As the Managing Director, Jason Ma oversees Google Taiwan’s site growth, business management and development, as well as leads multiple R&D projects across the board. Before taking this leadership role at Google Taiwan, Jason was a Platform Technology and Cloud Computing expert in the Platform & Ecosystem business group at Google Mountain View, CA. In his 10 years with Google, Jason has successfully led strategic partnerships with global hardware and software manufacturers and major chip providers to drive various innovations in cloud technology. These efforts have not only contributed to a substantial increase in Chromebook’s share in global education, consumer and enterprise markets, but have also attracted global talents to join Google and its partners in furthering the development of hardware and software technology solutions/services.
Prior to joining Google, Jason served on the Office group at Microsoft Redmond, WA. He represented the company in a project, involving Merck, Dell, Boeing, and the United States Department of Defense, to achieve solutions in unified communications and integrated voice technology. In 2007, Jason was appointed Director of the Microsoft Technology Center in Taiwan. During which time, Jason led the Microsoft Taiwan technology team and worked with Intel and HP to establish a Solution Center in Taiwan to promote Microsoft public cloud, data center, and private cloud technologies, connecting Taiwan’s cloud computing industry with the global market and supply chain.
Before joining Microsoft, Jason was Vice President and Chief Technology Officer at Soma.com. At Soma.com, Jason led the team in designing and launching e-commerce services, and partnered with Merck and WebMD on health consultation services and over the counter/prescription drugs/services. Soma.com was in turn acquired by CVS, the second largest pharmacy chain in the United States, forming CVS.com, where Jason served as Vice President and Chief Technology Officer and provided solutions for digital integration.

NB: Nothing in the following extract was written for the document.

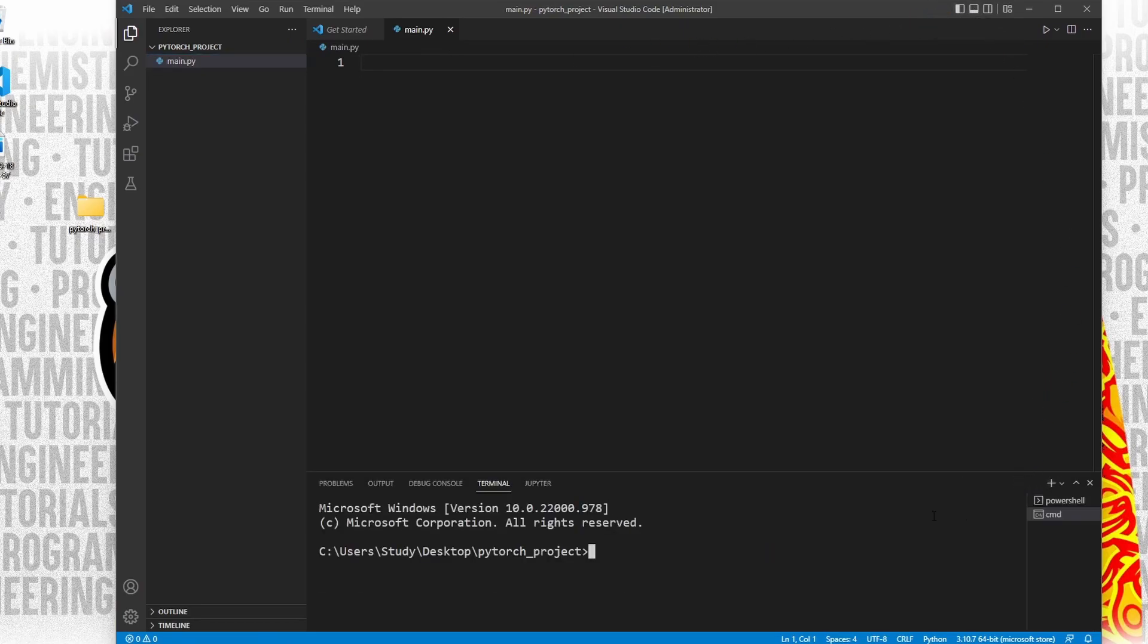As you can see, we are indeed inside our newly created folder on our desktop based on this directory here. So in order to import libraries inside our folder, we should first create a Python virtual environment.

Jason graduated from the Department of Electrical Engineering at National Cheng Kung University, subsequent which he moved to the United States to further his graduate studies. In 1993, Jason obtained a Ph.D. in Electrical Engineering from the University of Washington, with a focus in the integration and innovation of power systems and AI Expert Systems. In 1997, Jason joined the National Sun Yat-sen University as an Associate Professor of Electrical Engineering. To date, Jason has published 22 research papers and co-authored 2 books. Due to his outstanding performance, Jason was nominated and listed in Who’s Who in the World in 1998.

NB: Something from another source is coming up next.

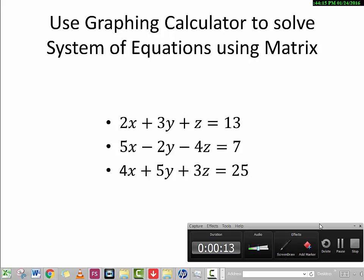As you can see, there are a lot of steps to solve a system of three equations using a matrix. In the next video clip, I'm going to show you how to use a graphing calculator to solve a system of equations using matrix.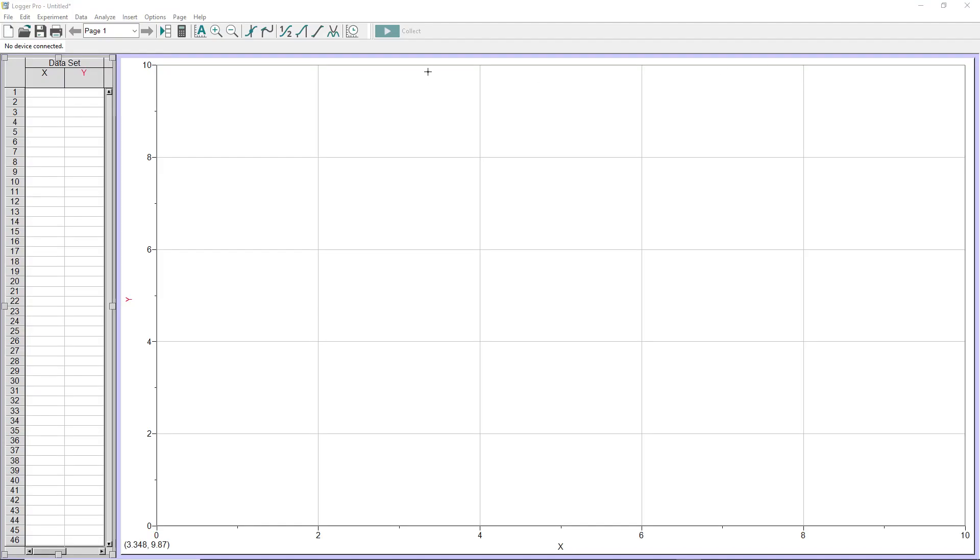This is a tutorial on how to use the LoggerPro video analysis software to look at the motion in a video that you've recorded.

Kai-Wei Chang is an assistant professor in the Department of Computer Science at the University of California Los Angeles (UCLA). His research interests include designing robust machine learning methods for large and complex data and building fair, reliable, and accountable language processing technologies for social good applications. Dr. Chang has published broadly in natural language processing, machine learning, and artificial intelligence. His research has been covered by news media such as Wires, NPR, and MIT Tech Review. His awards include the Sloan Research Fellowship (2021),
the EMNLP Best Long Paper Award (2017), the KDD Best Paper Award (2010), and the Okawa Research Grant Award (2018). Dr. Chang obtained his Ph.D. from the University of Illinois at Urbana-Champaign in 2015 and was a post-doctoral researcher at Microsoft Research in 2016.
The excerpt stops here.